Trade shows can be a big part of your business and as a result it is important to know about them. One of the biggest things to know when heading to a trade show is what you hope to accomplish for your direct sales business. For some people, they are there just to get contacts and customers. Others hope for bookings and there are others who are looking for teammates. Knowing your goals in advance is helpful for determining how to approach the event.
Be aware that some companies do restrict what you are able to do. I know of a few companies that do not let the consultants sell off their table but they can take orders. If this is the case, you likely will want to aim for bookings.
If you are not able to get out for trade shows, you can find them online. They can definitely be harder to do as you do not have the captive audience that you would have in person. You also need to either type your presentation in advance or be a fast typer as you typically have limited time. That said, here is some advice if you happen to find these types of events.
So you are doing a trade show. It’s scheduled from 10 to 5 pm. So you arrive between 9 and 9:30 to get setup and get ready (okay, maybe a bit later than that depending on your setup time). Regardless, you are there on time and are prepared to stay until 5 pm. You have your phone, your laptop or sales material to keep yourself busy if things are slow.

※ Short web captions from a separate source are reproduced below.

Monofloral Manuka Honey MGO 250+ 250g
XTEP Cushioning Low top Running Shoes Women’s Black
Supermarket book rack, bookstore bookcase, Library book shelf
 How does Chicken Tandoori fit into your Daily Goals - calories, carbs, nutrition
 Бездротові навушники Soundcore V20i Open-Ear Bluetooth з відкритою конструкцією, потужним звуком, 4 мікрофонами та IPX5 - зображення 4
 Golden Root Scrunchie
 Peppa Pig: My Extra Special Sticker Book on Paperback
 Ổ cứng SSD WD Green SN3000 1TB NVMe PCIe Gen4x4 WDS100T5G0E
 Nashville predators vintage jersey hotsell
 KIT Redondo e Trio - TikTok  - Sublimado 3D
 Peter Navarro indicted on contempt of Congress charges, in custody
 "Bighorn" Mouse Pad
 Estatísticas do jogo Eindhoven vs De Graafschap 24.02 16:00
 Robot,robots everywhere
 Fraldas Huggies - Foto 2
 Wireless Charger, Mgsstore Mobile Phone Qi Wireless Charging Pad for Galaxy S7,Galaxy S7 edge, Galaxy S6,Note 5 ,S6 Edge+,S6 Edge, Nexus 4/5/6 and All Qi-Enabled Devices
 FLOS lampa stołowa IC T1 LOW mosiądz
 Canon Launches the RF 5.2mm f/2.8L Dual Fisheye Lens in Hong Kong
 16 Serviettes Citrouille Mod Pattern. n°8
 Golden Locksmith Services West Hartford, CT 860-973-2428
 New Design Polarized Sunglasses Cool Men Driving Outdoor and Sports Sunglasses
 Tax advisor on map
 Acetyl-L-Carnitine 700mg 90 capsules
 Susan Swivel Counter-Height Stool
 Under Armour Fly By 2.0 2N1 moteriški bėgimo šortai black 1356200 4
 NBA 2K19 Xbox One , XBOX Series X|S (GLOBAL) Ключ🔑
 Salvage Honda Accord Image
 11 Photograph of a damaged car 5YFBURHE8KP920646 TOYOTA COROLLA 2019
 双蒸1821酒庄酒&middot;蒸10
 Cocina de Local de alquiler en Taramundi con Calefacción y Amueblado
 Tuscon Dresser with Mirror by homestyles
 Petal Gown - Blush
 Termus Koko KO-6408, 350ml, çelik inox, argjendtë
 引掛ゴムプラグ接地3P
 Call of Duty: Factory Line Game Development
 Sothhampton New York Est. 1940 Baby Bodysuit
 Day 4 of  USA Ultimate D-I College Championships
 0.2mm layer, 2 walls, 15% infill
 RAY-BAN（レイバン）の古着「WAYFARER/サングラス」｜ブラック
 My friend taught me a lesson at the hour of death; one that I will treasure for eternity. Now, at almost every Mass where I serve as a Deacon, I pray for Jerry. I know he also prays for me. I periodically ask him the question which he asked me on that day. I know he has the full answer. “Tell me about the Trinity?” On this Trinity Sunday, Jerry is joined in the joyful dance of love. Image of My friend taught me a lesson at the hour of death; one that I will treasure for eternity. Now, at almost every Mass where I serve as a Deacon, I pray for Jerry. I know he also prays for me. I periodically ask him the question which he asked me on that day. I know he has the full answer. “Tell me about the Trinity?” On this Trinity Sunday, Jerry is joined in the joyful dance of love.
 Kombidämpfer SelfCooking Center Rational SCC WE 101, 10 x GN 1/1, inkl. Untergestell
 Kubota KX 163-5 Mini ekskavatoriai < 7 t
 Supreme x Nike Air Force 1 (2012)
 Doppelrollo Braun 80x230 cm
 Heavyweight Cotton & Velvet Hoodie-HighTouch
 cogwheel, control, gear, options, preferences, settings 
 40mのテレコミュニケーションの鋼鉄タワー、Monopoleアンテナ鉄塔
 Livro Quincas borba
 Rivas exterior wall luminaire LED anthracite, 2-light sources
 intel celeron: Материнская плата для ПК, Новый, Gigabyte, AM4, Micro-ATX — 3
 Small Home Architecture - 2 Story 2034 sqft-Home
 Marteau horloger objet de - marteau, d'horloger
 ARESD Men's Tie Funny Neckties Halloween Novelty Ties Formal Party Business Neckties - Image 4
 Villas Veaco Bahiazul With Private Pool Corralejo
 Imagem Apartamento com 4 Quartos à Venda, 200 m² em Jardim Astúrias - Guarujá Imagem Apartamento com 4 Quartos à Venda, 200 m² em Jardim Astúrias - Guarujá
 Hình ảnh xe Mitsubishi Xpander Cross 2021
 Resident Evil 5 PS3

But.. 3 o’clock rolls around and a few vendors start packing up. Or maybe that has happened earlier in the day and a few tables are already empty. Of course, you don’t know their personal circumstances. Maybe they got a phone call that someone was in a horrible accident and they had to leave. That would be an acceptable reason but I cannot think of too many other reasons that a direct sales person should be packing up to leave early.
Sometimes a person has a party on the same day of a trade show. But I tend to think that if you have a party that is scheduled for the same time as the trade show you should either pass on the trade show or have a team member come out and handle the booth when you are gone. If you are already scheduled for the event when you get a party, you can schedule the party for after the event is over or again, see if someone can come cover your booth.
You may wonder what the big deal is about leaving early – you are doing a disservice to the other vendors as well as customers that may come near the end of the event. People may walk in the door and see that half the tables are empty and walk back out. Or people may miss out on what you are offering due to the fact that you left early.
Be aware, some trade shows will charge you a deposit and if you leave early, you will not get it back. This is more common with the expensive shows but I wouldn’t be surprised to see some of the smaller shows not invite direct sales vendors back who leave really early.